Datasets

Make API calls to manage your datasets.

Overview

Copy your Project Key and your API Token from your project settings and replace them on the API calls you want to use.

Create a new dataset

There is 1 possible field on this request.

  • name (required): the name of your new dataset.

curl https://api.theos.ai/v1/project/<project_key>/datasets/create/ \
     -F "name=Vehicles" \
     -H "Authorization: Token <api_token>" \
     -X POST

List all your datasets

curl https://api.theos.ai/v1/project/<project_key>/datasets/ \
     -H "Authorization: Token <api_token>"

Get a specific dataset

curl https://api.theos.ai/v1/project/<project_key>/datasets/<dataset_id>/ \
     -H "Authorization: Token <api_token>"

Delete a specific dataset

curl https://api.theos.ai/v1/project/<project_key>/datasets/<dataset_id>/delete/ \
     -H "Authorization: Token <api_token>" \
     -X POST

Upload images to your dataset

There is 1 possible field on this request.

  • manifest_url (required): the URL of a manifest JSON file containing the URLs of the images to upload along with the dataset split in which it should be placed on (train, valid or test). The maximum manifest json file size is 100MB and 100k (100,000) images. If you need to upload more images, please wait for the previous 100k images to finish uploading before sending a new upload task.

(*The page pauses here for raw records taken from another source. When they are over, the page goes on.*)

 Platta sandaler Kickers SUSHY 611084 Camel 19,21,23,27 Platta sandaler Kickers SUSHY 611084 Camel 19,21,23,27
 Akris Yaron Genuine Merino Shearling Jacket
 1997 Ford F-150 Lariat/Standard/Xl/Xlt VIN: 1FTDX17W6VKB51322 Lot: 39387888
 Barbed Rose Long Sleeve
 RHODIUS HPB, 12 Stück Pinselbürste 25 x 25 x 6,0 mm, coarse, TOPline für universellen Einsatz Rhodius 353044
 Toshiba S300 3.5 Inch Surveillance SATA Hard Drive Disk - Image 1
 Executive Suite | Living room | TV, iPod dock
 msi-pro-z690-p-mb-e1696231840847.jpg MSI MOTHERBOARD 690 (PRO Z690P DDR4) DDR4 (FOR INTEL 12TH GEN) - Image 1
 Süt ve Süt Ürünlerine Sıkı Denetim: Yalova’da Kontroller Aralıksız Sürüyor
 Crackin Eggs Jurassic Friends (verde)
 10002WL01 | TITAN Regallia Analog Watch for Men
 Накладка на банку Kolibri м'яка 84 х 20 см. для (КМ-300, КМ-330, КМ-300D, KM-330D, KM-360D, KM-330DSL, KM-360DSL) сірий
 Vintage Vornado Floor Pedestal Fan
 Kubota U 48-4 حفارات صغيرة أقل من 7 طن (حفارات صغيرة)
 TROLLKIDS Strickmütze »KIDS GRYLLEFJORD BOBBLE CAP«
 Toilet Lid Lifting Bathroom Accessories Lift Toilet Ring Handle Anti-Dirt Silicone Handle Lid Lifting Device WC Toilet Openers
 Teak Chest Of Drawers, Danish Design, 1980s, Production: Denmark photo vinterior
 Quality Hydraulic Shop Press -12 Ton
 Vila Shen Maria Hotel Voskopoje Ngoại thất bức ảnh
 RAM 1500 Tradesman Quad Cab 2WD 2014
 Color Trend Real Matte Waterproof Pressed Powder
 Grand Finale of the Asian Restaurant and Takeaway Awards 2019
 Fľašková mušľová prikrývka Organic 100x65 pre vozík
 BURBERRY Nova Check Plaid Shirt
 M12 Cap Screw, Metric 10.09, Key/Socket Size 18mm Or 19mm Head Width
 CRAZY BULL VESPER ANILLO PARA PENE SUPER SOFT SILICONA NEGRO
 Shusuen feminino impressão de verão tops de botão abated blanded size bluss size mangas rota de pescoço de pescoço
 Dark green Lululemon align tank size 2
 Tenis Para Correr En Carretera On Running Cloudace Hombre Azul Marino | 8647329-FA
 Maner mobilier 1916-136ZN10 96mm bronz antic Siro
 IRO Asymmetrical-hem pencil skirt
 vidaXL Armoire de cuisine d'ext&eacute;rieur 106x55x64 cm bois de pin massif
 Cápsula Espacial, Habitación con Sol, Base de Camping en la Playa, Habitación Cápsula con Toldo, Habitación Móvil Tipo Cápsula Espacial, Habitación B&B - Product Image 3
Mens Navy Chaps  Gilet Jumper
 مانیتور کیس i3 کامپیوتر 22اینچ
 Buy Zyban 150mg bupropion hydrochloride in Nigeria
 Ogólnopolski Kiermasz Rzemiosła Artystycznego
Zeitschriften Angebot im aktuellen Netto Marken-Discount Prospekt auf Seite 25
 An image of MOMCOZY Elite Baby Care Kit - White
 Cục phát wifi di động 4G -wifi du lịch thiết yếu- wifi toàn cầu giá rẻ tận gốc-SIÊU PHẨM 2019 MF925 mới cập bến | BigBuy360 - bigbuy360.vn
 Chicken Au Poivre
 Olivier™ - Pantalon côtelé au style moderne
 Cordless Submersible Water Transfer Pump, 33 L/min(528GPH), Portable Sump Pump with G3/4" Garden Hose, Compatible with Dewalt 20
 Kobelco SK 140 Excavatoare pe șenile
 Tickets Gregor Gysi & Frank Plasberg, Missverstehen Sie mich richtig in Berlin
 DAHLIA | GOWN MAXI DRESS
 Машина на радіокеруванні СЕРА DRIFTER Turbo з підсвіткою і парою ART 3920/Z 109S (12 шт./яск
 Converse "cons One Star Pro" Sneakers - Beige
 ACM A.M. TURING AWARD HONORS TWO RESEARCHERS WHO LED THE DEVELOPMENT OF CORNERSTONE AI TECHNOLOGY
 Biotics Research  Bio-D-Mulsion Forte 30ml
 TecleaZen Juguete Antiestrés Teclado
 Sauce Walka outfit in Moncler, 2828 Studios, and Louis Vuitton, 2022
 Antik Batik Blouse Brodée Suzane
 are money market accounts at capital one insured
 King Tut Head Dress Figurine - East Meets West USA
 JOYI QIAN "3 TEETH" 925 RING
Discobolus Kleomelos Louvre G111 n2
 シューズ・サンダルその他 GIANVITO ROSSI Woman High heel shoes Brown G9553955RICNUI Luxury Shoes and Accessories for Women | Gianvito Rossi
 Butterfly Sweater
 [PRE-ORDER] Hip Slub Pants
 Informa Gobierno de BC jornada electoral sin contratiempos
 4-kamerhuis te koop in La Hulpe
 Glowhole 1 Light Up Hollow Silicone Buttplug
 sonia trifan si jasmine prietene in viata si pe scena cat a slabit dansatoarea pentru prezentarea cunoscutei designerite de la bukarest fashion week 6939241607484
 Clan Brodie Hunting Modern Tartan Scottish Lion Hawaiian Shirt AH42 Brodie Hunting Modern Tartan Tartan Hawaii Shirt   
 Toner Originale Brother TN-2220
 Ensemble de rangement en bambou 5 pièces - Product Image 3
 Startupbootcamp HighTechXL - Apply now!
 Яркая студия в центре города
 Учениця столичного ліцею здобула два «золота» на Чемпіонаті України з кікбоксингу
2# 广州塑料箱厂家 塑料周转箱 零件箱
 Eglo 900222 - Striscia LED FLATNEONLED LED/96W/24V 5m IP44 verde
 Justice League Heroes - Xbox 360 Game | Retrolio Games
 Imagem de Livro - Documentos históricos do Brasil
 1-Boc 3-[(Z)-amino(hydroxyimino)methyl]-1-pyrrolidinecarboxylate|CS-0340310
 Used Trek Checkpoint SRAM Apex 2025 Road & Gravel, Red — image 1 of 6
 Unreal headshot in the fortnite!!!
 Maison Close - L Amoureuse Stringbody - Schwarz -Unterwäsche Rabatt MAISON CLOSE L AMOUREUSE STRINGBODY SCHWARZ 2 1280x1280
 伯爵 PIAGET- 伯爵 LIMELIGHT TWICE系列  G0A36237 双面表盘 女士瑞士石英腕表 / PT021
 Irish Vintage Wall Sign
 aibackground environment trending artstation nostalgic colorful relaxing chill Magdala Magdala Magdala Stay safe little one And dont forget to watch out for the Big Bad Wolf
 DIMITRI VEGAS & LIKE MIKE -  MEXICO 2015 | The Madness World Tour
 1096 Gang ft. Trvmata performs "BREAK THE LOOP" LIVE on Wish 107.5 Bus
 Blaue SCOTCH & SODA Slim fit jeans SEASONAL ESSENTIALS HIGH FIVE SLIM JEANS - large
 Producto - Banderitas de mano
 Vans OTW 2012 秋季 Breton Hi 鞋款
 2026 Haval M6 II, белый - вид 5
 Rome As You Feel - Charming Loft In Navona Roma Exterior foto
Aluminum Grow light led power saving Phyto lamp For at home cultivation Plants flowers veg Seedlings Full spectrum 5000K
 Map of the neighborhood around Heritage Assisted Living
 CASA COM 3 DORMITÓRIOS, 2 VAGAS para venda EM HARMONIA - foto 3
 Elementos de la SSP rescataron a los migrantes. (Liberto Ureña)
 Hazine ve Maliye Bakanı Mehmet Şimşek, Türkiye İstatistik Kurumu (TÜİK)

curl https://api.theos.ai/v1/project/<project_key>/datasets/<dataset_id>/upload/ \
     -F "manifest_url=<manifest_url>" \
     -H "Authorization: Token <api_token>" \
     -X POST

The manifest JSON file must have the following structure.

[
    {
        "url":"https://your-publicly-accessible-bucket.com/obscure-path/image1.jpg",
        "split":"train"
    },
    {
        "url":"https://your-publicly-accessible-bucket.com/obscure-path/image2.jpg",
        "split":"valid"
    },
    {
        "url":"https://your-publicly-accessible-bucket.com/obscure-path/image3.jpg",
        "split":"test"
    }
]

You can optionally add an external_id field on each image so you can use it as a reference for later operations instead of using our internal IDs.

[
    {
        "url":"https://your-publicly-accessible-bucket.com/obscure-path/image1.jpg",
        "split":"train",
        "external_id":"d03ae221-523a-4edd-a525-64357af0bd5c"
    }
]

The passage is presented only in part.